Web page caption snippets:
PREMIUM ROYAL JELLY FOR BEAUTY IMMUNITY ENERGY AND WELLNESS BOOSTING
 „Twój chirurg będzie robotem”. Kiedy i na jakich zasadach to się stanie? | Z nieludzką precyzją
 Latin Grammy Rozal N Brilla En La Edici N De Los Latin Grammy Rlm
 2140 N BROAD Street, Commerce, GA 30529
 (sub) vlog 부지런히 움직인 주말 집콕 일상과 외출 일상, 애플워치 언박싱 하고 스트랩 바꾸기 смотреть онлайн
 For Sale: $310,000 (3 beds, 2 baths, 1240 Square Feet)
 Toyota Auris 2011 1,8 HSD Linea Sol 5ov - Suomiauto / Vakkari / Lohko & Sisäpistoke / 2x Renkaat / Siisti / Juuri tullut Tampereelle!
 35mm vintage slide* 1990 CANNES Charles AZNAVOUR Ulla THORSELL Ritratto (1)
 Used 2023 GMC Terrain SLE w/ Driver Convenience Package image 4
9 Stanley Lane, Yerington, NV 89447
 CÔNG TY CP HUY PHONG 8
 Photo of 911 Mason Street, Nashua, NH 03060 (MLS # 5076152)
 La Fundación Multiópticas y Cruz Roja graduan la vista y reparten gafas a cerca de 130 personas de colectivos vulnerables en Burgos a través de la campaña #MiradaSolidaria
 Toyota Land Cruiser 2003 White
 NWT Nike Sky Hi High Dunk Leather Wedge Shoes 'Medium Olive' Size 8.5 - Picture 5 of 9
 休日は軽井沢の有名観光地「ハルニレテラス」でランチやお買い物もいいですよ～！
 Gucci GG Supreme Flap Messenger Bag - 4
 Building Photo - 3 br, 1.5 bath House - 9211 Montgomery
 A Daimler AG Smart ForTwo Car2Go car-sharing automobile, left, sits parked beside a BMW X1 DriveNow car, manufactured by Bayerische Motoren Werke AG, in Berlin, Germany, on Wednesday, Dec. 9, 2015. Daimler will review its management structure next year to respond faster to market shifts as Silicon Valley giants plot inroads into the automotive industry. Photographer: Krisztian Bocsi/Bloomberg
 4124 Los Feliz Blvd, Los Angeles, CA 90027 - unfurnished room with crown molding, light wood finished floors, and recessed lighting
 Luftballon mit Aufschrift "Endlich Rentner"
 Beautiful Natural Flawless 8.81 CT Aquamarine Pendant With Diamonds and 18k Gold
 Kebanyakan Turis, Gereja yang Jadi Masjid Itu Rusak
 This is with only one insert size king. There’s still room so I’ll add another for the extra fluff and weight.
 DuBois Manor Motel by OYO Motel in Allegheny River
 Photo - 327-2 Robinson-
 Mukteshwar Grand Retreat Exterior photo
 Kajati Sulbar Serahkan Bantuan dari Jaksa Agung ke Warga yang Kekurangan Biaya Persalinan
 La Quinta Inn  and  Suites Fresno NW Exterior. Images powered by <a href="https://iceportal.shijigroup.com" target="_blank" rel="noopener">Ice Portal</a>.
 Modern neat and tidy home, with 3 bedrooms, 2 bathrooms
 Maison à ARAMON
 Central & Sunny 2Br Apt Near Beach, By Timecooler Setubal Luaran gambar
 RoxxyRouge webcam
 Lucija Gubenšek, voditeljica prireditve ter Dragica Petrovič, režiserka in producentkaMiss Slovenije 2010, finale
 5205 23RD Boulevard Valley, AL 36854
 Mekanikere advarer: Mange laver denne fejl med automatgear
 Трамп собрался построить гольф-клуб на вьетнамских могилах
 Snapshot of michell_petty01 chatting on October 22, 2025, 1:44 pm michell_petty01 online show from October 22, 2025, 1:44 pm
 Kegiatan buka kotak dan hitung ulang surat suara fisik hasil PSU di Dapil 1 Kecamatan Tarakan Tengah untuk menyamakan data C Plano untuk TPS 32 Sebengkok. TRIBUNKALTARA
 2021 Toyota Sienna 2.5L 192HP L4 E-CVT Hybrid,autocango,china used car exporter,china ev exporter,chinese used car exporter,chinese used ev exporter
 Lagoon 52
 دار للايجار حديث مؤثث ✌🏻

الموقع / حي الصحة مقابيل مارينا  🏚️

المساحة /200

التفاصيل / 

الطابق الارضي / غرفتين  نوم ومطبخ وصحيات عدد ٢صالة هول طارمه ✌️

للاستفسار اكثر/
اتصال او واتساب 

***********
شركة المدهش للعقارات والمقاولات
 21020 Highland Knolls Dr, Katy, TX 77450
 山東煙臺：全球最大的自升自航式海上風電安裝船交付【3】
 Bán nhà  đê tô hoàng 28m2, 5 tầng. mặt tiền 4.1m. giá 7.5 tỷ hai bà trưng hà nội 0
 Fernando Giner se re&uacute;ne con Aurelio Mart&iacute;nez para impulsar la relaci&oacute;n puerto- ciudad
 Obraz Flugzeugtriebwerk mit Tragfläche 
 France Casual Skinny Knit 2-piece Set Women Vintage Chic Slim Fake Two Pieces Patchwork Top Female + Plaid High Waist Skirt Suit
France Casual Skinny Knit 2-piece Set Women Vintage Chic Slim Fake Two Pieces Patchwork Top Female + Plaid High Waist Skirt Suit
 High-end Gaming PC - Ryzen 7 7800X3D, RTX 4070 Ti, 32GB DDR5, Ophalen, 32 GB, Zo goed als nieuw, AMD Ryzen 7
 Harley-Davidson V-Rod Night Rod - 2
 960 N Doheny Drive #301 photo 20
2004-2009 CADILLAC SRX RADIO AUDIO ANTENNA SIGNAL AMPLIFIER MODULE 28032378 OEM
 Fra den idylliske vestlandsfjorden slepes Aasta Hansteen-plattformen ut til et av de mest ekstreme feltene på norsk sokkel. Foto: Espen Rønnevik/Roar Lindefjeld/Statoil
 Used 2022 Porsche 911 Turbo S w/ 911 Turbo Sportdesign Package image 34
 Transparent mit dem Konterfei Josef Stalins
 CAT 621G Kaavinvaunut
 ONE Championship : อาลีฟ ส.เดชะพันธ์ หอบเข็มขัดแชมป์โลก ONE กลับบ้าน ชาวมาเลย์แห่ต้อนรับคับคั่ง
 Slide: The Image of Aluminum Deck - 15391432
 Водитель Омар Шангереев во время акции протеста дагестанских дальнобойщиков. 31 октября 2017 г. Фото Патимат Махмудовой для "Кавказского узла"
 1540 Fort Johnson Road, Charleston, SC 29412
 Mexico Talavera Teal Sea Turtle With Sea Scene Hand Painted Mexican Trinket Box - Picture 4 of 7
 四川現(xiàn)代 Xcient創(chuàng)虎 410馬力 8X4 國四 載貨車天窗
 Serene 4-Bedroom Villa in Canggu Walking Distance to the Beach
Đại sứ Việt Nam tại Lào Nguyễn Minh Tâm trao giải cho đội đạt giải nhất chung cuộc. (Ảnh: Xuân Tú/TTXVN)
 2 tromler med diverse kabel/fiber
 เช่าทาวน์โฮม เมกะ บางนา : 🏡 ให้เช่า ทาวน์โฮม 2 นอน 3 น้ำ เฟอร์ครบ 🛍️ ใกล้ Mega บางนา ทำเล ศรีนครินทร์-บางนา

- REQUIRED WORK -
From the entries, report each line that includes the word "Exterior".

- TASK RESPONSE -
 Mukteshwar Grand Retreat Exterior photo
 La Quinta Inn  and  Suites Fresno NW Exterior. Images powered by <a href="https://iceportal.shijigroup.com" target="_blank" rel="noopener">Ice Portal</a>.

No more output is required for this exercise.